A woman in Liberia may have contracted Ebola through sex with a man who had recovered from the virus, the US Centers for Disease Control and Prevention say in a report this morning. The finding isn't conclusive, but the CDC says it's certainly suggested by the timeline of events. The woman didn't appear to have come in contact with anyone displaying symptoms of Ebola, and she was found to have the virus in mid-March, just over a week after having vaginal sex with a man who reported symptoms of Ebola back in late September — about five months earlier.
The finding isn't conclusive, but the pieces match up
No sign of Ebola was found in a blood sample taken from the man, however tests did detect the virus' presence in a sample of his semen. A partial genome sequence of the virus RNA found in the semen is said to "closely match" a sequence taken from the woman. Earlier research has detected traces of Ebola in semen months after the onset of symptoms, but it's never been seen this long afterward. And while there has been a prior report of Ebola being sexually transmitted in the late ’90s, it was ultimately inconclusive. This instance could become the first confirmed case of sexual transmission, or at least prompt further research that confirms the possibility.
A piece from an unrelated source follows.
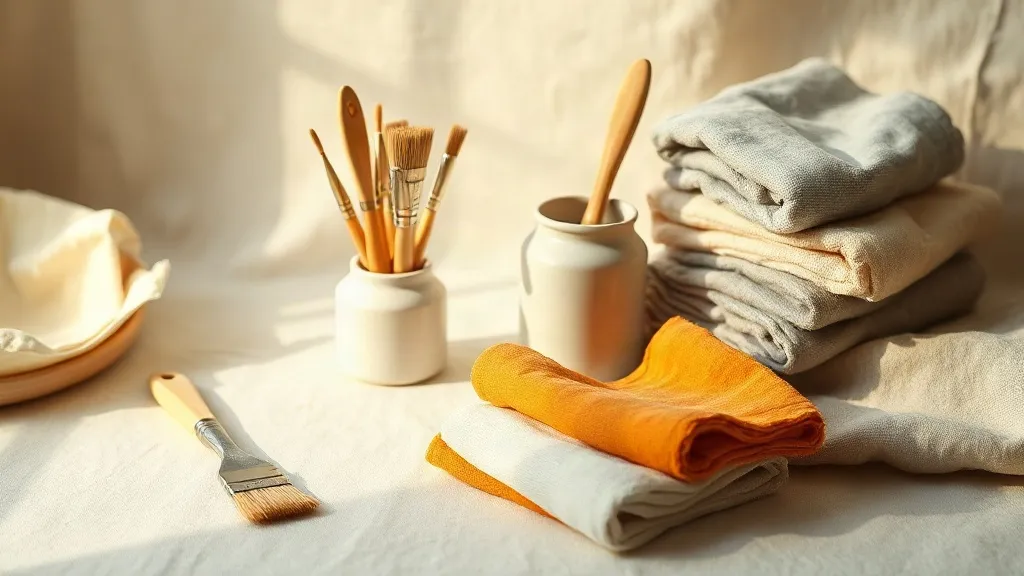 A set of paint brushes and folded fabric swatches sit beside a plain ceramic jar, with one orange swatch among the neutral ones.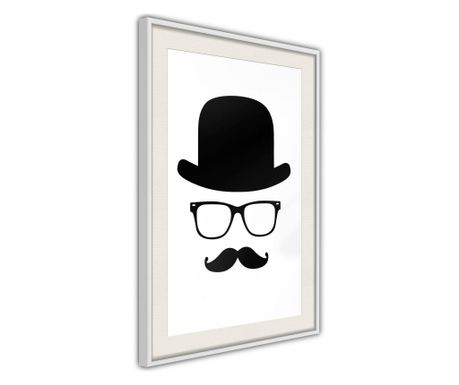 Faldekoráció - gentleman attributes - fehér keret passe-partout-val - 40 x 60 cm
It's notable in this case that the man, who appears to be a survivor of Ebola, was never conclusively determined to have Ebola. After being tested in September when he experienced Ebola-like symptoms, one test came back positive and another came back negative. An additional test taken about a week later also came back negative, and he was discharged from a treatment unit not long thereafter. While that leaves some room for uncertainty, multiple family members that the man lived with or interacted with contracted or appeared to contract Ebola as well.
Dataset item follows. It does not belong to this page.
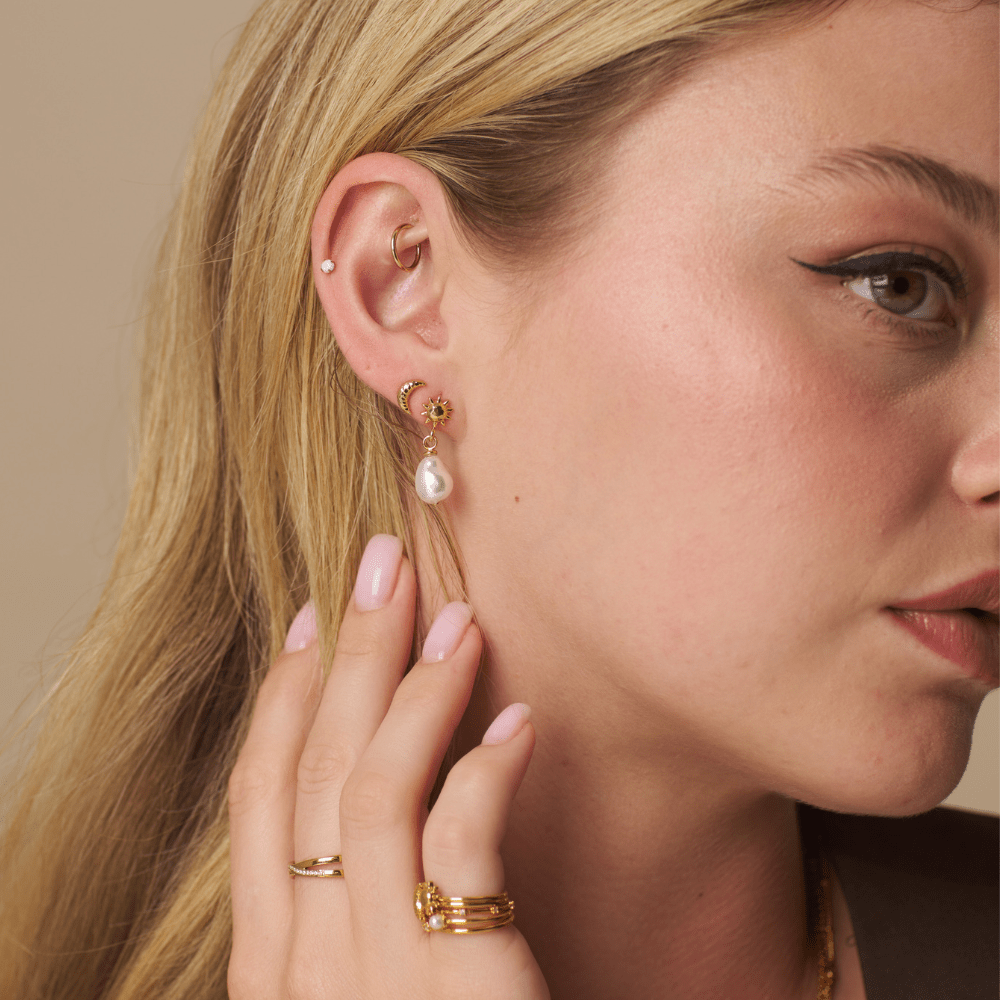 Mini Molten Sun & Pearl Drop Earrings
CDC recommends avoiding contact with semen from Ebola survivors
Because prior research had detected the presence of Ebola in semen months after contraction, both the CDC and the World Health Organization had been recommending that male survivors refrain from sex or use a condom for three months. The CDC is now recommending that people avoid contact with a male Ebola survivor's semen indefinitely, until more is known. If a male survivor has any type of sex, the CDC says that a condom should be used. Additional research is going to be performed on both male and female body fluids to see how the virus persists and if sexual transmission is likely.
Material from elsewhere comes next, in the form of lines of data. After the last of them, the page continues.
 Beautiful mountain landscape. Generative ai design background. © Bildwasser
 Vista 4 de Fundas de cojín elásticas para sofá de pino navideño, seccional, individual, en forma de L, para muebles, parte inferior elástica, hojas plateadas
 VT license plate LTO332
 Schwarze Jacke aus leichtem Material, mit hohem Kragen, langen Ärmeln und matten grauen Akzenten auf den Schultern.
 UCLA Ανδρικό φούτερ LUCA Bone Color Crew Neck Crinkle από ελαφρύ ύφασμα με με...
In Liberia, where these patients are located, the Ebola epidemic appears to be winding down. Aside from this instance, the country has gone over a month without a confirmed case of Ebola. The US is starting to pack up, shutting down a treatment center, and the country may be nearing a declaration of being Ebola-free, according to the Associated Press. Liberia has had over 4,600 deaths from Ebola since the virus first broke out there in March, 2014.